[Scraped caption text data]
═══
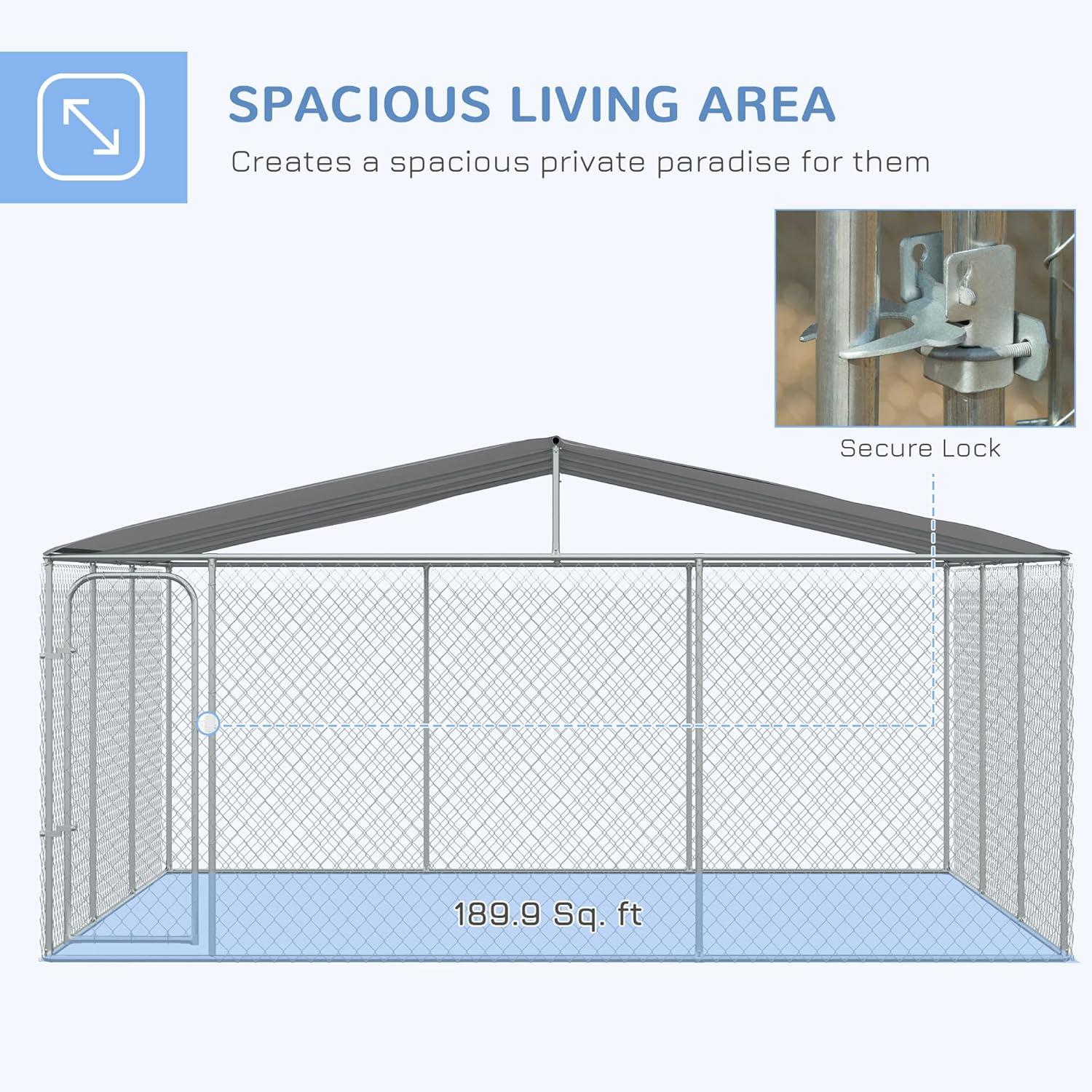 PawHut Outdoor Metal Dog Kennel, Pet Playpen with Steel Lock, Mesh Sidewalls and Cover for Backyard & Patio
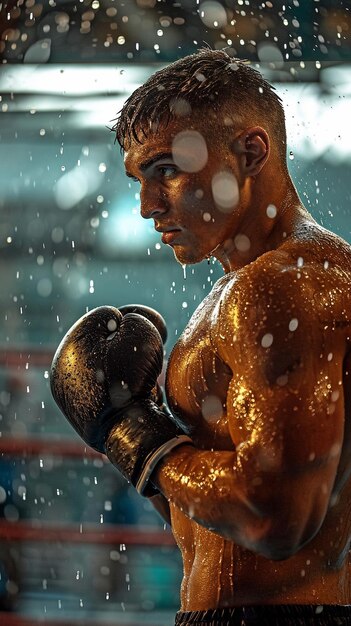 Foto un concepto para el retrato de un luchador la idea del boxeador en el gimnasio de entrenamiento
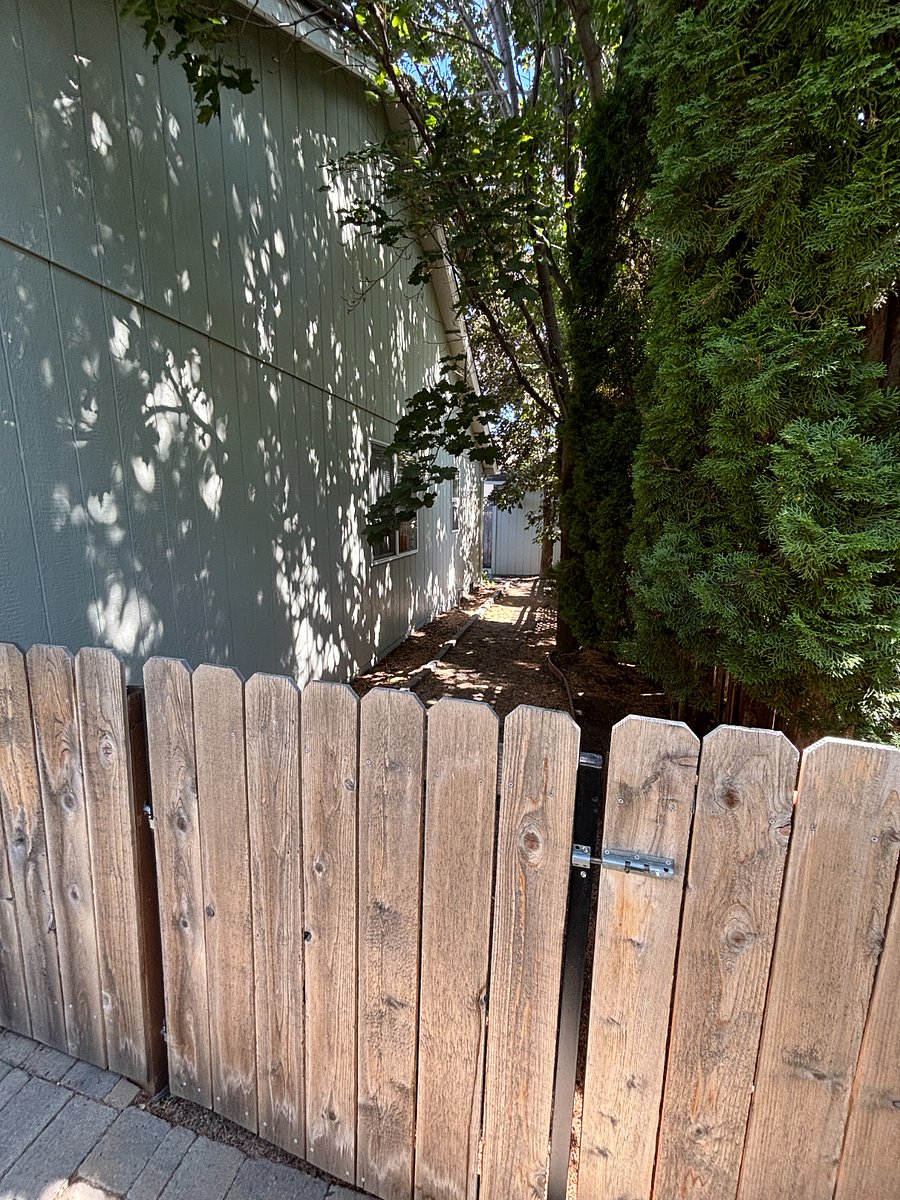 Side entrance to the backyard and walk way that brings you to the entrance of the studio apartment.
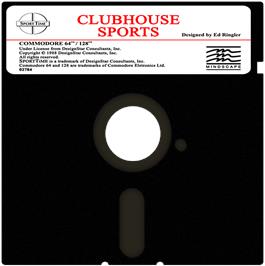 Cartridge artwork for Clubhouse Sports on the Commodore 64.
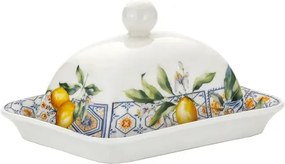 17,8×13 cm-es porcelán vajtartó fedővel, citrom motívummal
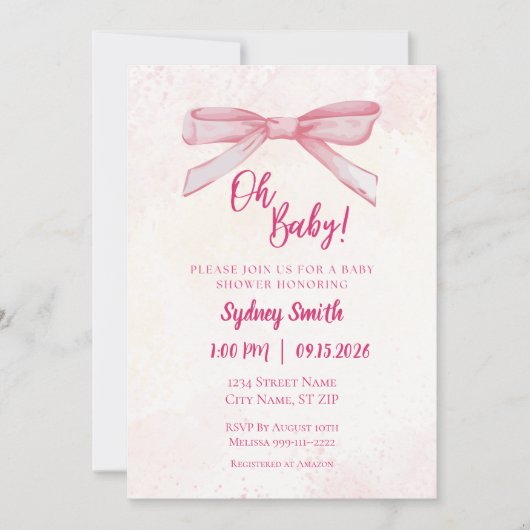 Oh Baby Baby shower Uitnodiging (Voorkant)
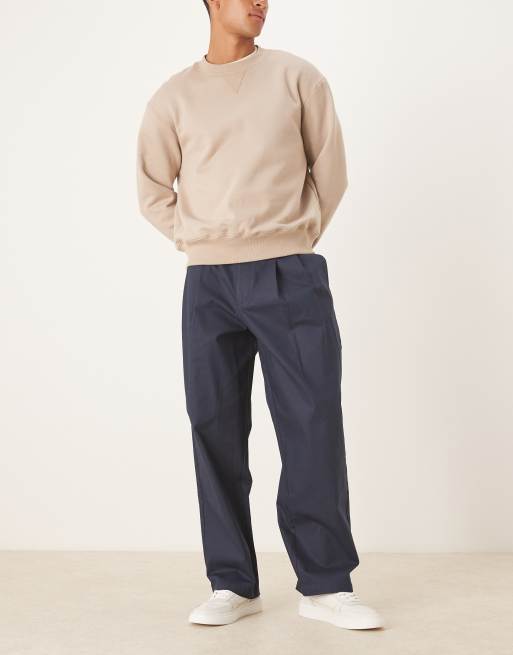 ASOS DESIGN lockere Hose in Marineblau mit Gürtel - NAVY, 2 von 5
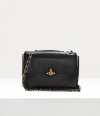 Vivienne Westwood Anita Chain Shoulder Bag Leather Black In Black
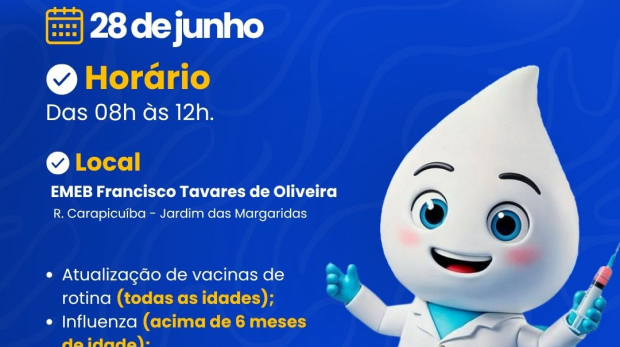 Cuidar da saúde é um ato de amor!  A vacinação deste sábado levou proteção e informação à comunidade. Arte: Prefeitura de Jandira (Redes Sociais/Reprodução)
═══
▶ **GOAL OF THE EXERCISE**
Give back word for word the lines from the one containing "Side entrance to" through the final line of the data above. Pictures are to be left out.

▶ **SOLUTION TO THIS EXERCISE**
 Side entrance to the backyard and walk way that brings you to the entrance of the studio apartment.
 Cartridge artwork for Clubhouse Sports on the Commodore 64.
 17,8×13 cm-es porcelán vajtartó fedővel, citrom motívummal
 Oh Baby Baby shower Uitnodiging (Voorkant)
 ASOS DESIGN lockere Hose in Marineblau mit Gürtel - NAVY, 2 von 5
 Vivienne Westwood Anita Chain Shoulder Bag Leather Black In Black
 Cuidar da saúde é um ato de amor!  A vacinação deste sábado levou proteção e informação à comunidade. Arte: Prefeitura de Jandira (Redes Sociais/Reprodução)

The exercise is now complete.